Het is een zomerse dag. Edward en Bart zitten voor de verandering in het BuurtLABkantoor aan de Crooswijksebocht. Het is niet hun meest geliefde plek. Liever zijn ze op pad en aan de slag in buurten van Rotterdam. Oudeland, Zevenkamp, Oud Crooswijk, Rubroek, Jaffa. Met bewoners ‘dingen’ uit de grond stampen.

Dat doen ze inmiddels 16 jaar en ze dromen ervan dit te kunnen blijven zolang het nodig is. En nodig is het.
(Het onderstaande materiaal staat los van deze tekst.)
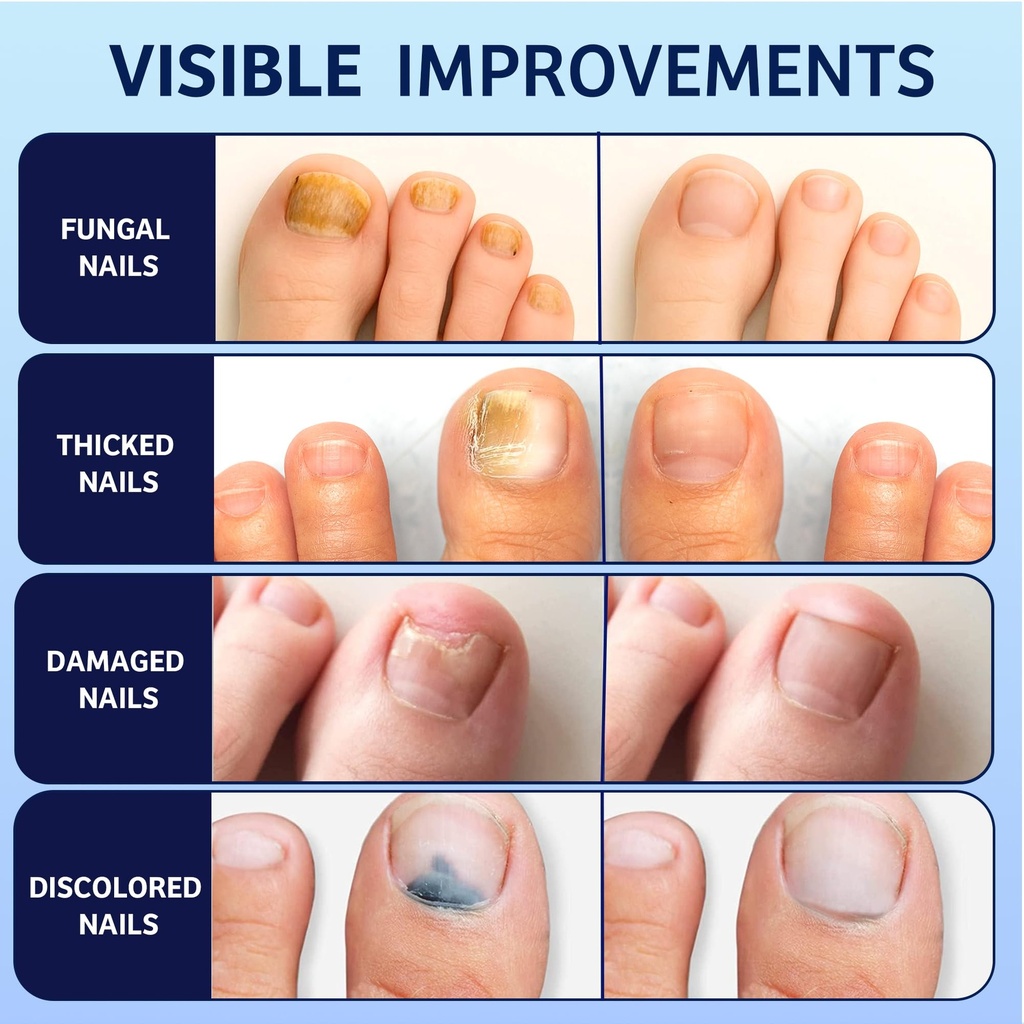 meoly-toenail-fungus-treatment-30-undecy-5.jpg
Meer dan nodig zelfs.

Terwijl Edward de koffie inschenkt, filosoferen ze wat over wat ze meemaken, zien en horen in die buurten. ‘Zo,  Frans en Eva hebben het ook wel lastig hoor om alles voor elkaar te krijgen in Zevenkamp, Ed.’ zegt Bart. ‘Nu moeten ze weer Buurtgeld aanvragen bij de lokale welzijnsaanbieder. Die  heeft weer een geheel eigen, bijzondere aanvraagprocedure ontwikkeld voor bewoners. En afgelopen  week hebben we nog het 2e jaar financiering Orange Fonds ingediend. Ze hadden maar 14 vragen! Frans en Eva worden er soms echt krankjorum van man. Door hoeveel hoepeltjes laten ze die mensen wel niet springen?!’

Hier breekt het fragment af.